[Data]:
* * *

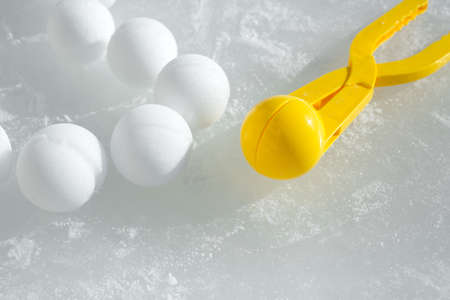 A tool for modeling and making snowballs from snow for children's winter games. Snowballs lying on the frozen ice next to a plastic instrument shine in the rays of the sun. Snowball Tongs.frozen waterの写真素材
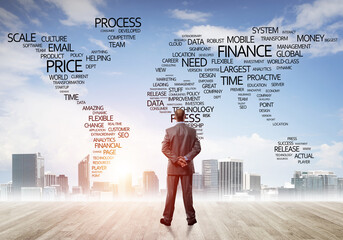 Motivation and inspiration concept with modern cityscape and businessman observing it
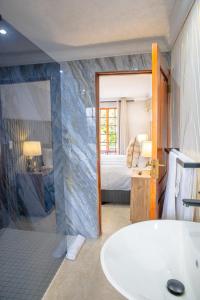 a bathroom with a tub and a bed and a sink at Apple Blossom Hotel Portfolio in Roodepoort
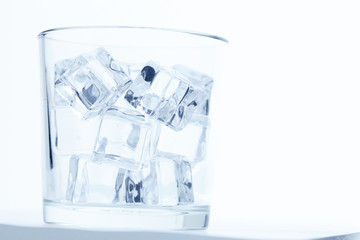 glass with ice cubes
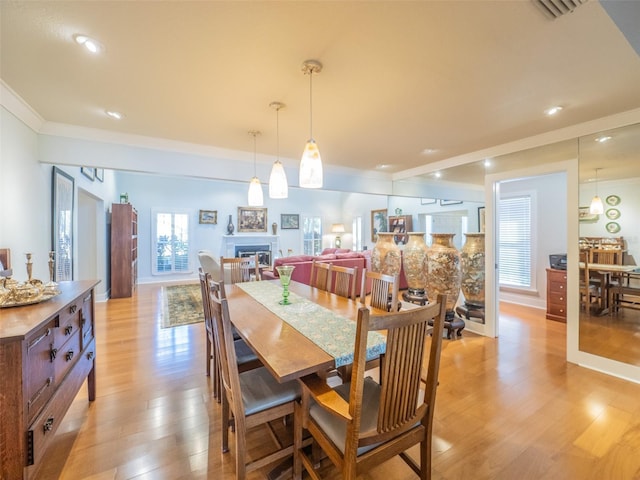 dining room featuring visible vents, a fireplace, light wood-type flooring, and ornamental molding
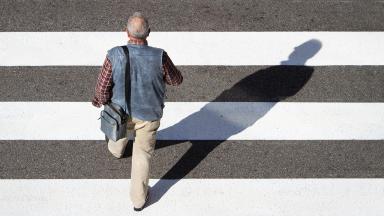 Man walking across crossing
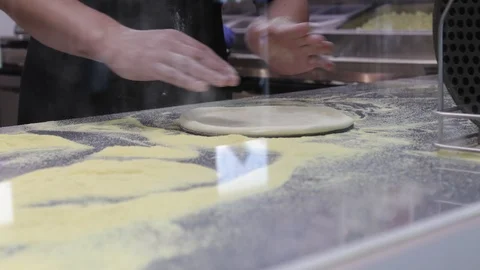 Baker prepares the basis for pizza in front of visitors to the cafe Stock Footage 119785910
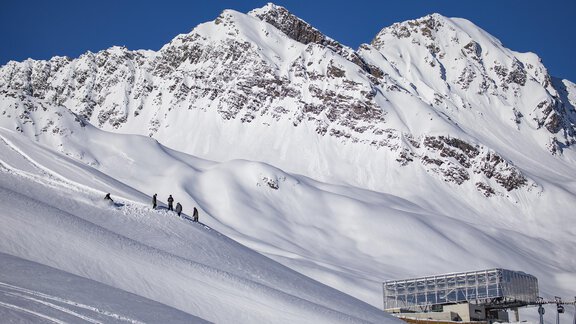 A snowy mountain landscape with tall peaks and a clear blue sky. In the foreground, skiers and a modern chalet can be seen. - Top Apart Daniela - Sölden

* * *

[Aim of the exercise]: The reply needs to repeat exactly the line containing "Man walking across crossing" and each line after it, through the final line of the entries above, and to skip the pictures.

[Solution to this exercise]:
 Man walking across crossing
 Baker prepares the basis for pizza in front of visitors to the cafe Stock Footage 119785910
 A snowy mountain landscape with tall peaks and a clear blue sky. In the foreground, skiers and a modern chalet can be seen. - Top Apart Daniela - Sölden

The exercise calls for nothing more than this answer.